Depuis 1978, dès la parution de La grosse femme d’à côté est enceinte, Victoire est bien présente dans l’univers de l’auteur. Pour le plus grand plaisir de ses lecteurs, l’écrivain remonte le temps jusqu’en 1898 et raconte les prémisses des amours interdites qui l’unissent à son grand frère Josaphat-le-violon.

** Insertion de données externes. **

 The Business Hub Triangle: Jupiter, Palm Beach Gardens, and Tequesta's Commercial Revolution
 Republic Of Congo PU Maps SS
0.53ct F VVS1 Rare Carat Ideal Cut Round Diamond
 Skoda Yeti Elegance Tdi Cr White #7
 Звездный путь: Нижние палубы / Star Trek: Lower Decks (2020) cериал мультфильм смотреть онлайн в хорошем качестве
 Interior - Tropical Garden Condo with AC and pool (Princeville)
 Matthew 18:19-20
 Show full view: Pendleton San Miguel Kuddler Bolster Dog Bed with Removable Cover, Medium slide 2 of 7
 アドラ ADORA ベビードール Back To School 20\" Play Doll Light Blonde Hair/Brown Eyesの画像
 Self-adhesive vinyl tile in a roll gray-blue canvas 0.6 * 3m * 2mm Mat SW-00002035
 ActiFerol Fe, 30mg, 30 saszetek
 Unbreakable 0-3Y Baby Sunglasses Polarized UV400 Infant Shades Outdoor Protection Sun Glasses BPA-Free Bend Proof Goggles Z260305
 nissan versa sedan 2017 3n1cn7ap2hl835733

En ajoutant un point d’exclamation au titre, Victoire !, Michel Tremblay indique que non seulement il veut rendre hommage au personnage coloré qu’il a introduit dans nombre de ses romans, mais qu’il tient aussi à souligner dans ce récit un haut fait, un heureux dénouement. Les fans du prolifique auteur savent que Victoire, née en 1878 à Duhamel, dans la Petite-Nation, puis exilée à Montréal, est la belle-mère de Nana, la Grosse femme, et par conséquent la grand-mère paternelle de Jean-Marc, l’alter ego de Michel Tremblay. Afin de célébrer ses origines familiales, l’écrivain propose une émouvante élégie, un poème mélancolique, un vibrant hymne à l’amour et à la nature. Et à la musique.

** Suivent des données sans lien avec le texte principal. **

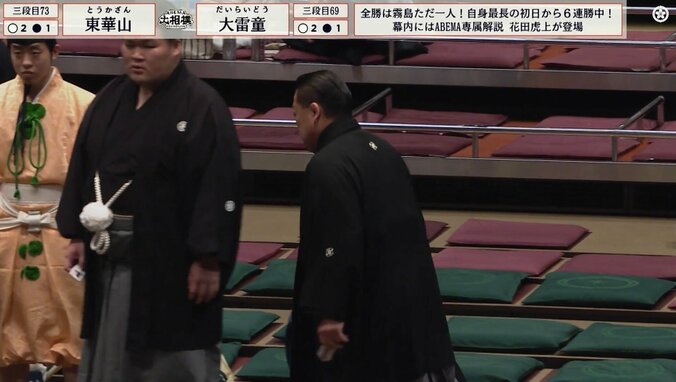 立ち上がった親方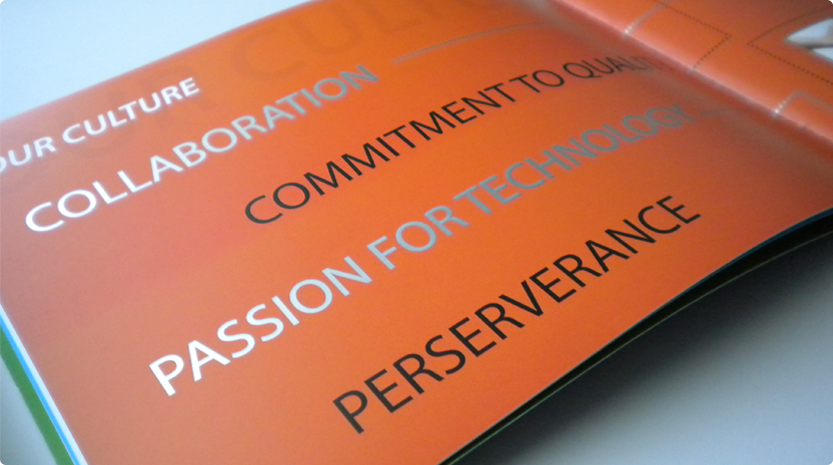 Booklet — Brand Story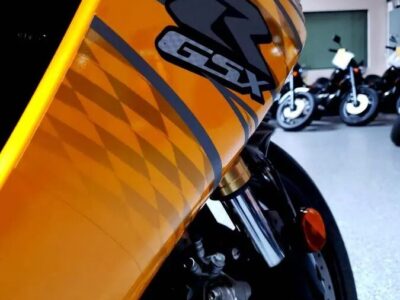 2012 Suzuki GSXR 750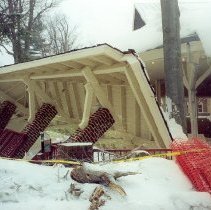 Entrance Gate Collapse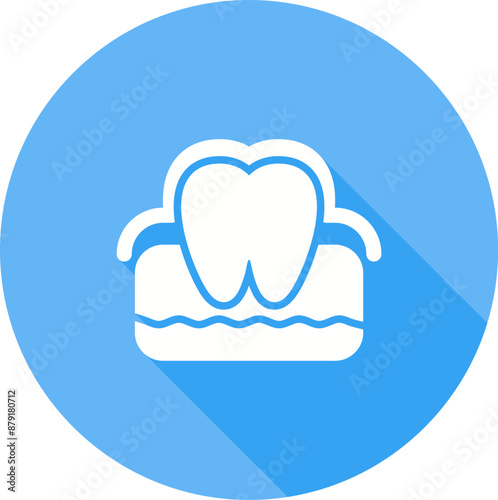 Enamel Vector Icon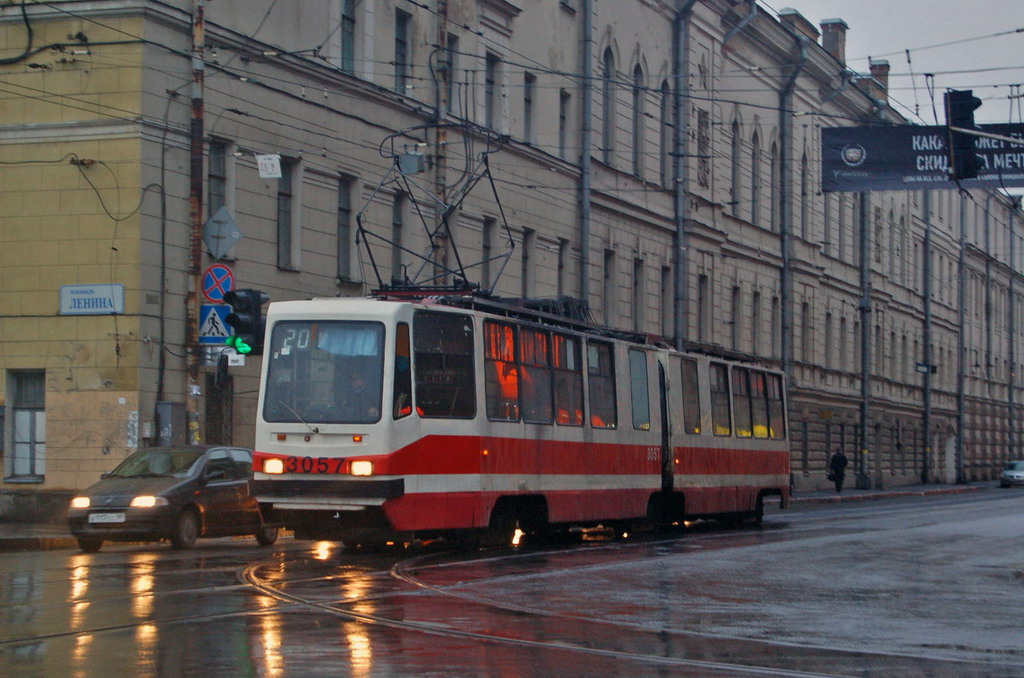Санкт-Петербург, ЛВС-86К-М № 3057
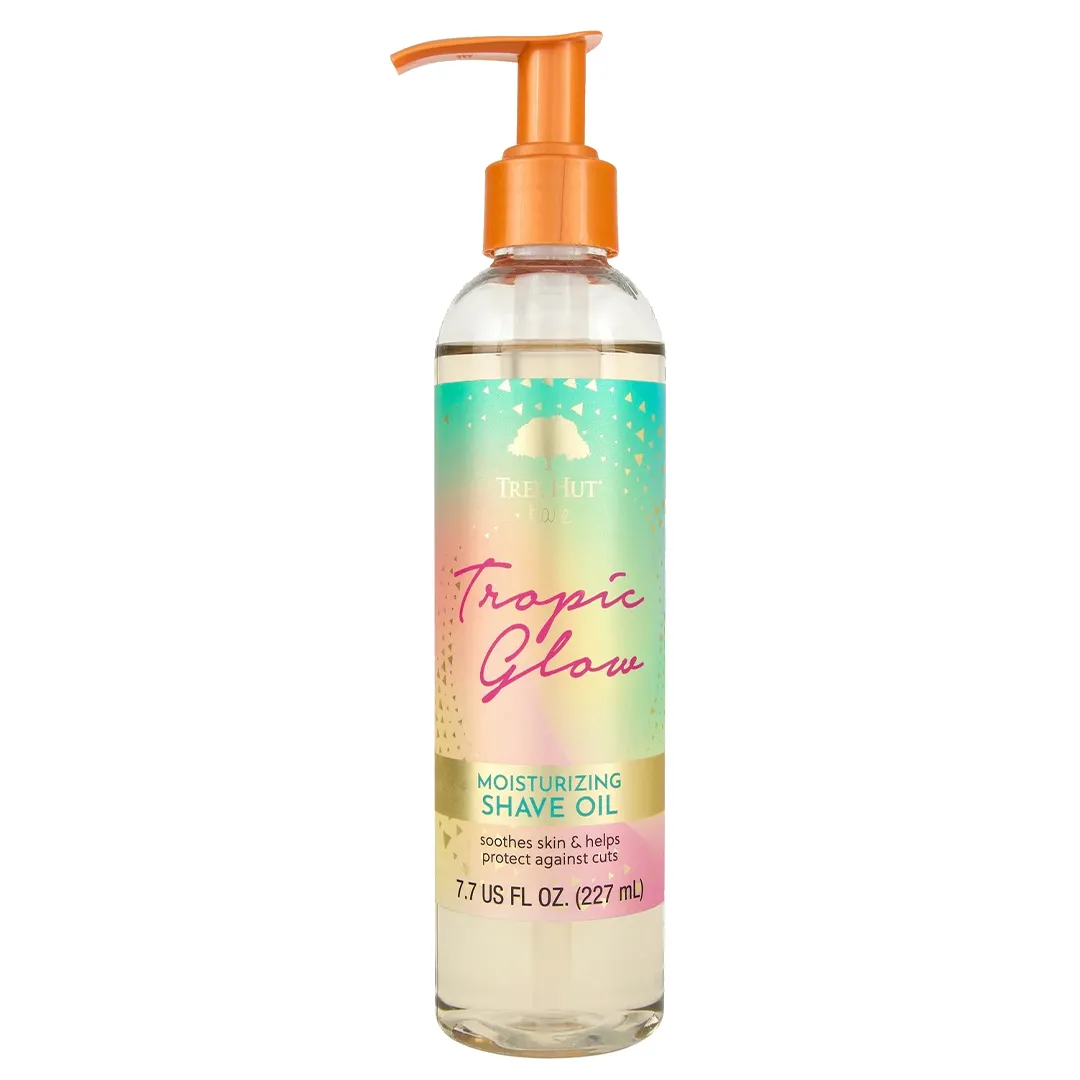 Aceite de afeitar corporal hidratante Tropical Glow  Tree Hut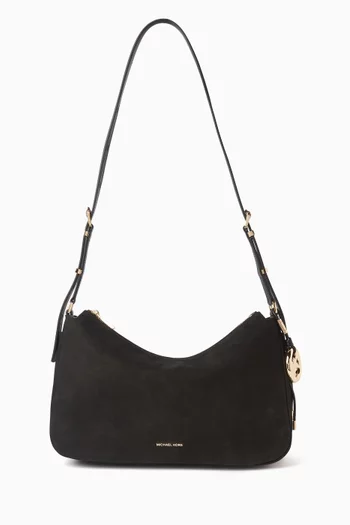 Medium Nolita Convertible Shoulder Bag in Nubuck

Il est vrai que Josaphat-le-violon est digne du surnom qu’il n’a pas usurpé. Pour conquérir le cœur de son adorée jeune sœur – qui revient d’un long exil de sept ans dans un couvent de Papineauville –, il lui joue ses premières compositions. Victoire s’étonne de son nouveau talent : « Cette musique cachait-elle quelque chose que je ne voyais pas, un secret qu’il ne pouvait exprimer qu’à travers son instrument de musique ? » Josaphat est avare d’explications : « Pourquoi tu veux savoir où j’ai appris ça, d’abord ? Ça a aucune importance… » Les lecteurs assidus des Chroniques du Plateau Mont-Royal et de La diaspora des Desrosiersconnaissent la réponse, car eux savent que ce sont les invisibles fées Rose, Violette et Mauve, et leur mère Florence, qui ont initié Josaphat à la musique. Entre autres choses.

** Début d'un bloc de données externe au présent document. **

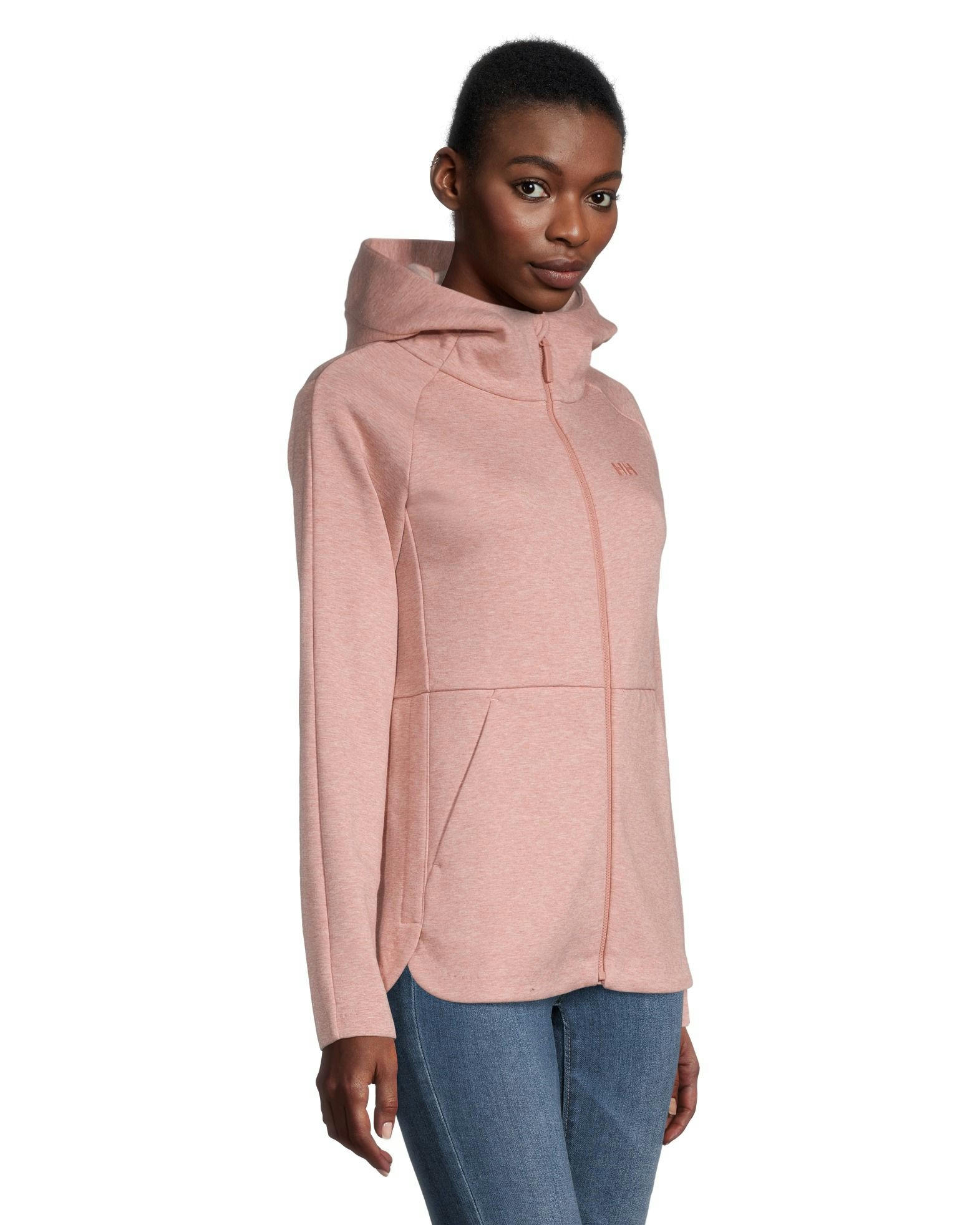 Helly Hansen Women's Bliss Fleece Full Zip Hoodie Sweatshirt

Orphelins depuis à peine six mois, puisqu’ils ont perdu leurs parents le jour de Noël précédent dans l’incendie de l’église du village, Victoire et Josaphat réapprennent doucement à se connaître. Leurs retrouvailles se font petit à petit et leur amour fraternel se développera en amour tout court. Au cœur des Laurentides, dans une nature magnifiée, et au son des doux ou terribles accents du violon de Josaphat, Victoire comprend que le bonheur est à sa portée. « À cause justement du violon, une vérité, une possibilité de vérité, m’est tombée dessus, qui a failli me tuer. » Victoire a maintenant son destin en mains et ce sera à elle de choisir.
En page couverture, la reproduction d’un tableau du Russe Chaïm Soutine résume l’intrigue : main dans la main, un garçonnet et une fillette sont en route vers un futur incertain.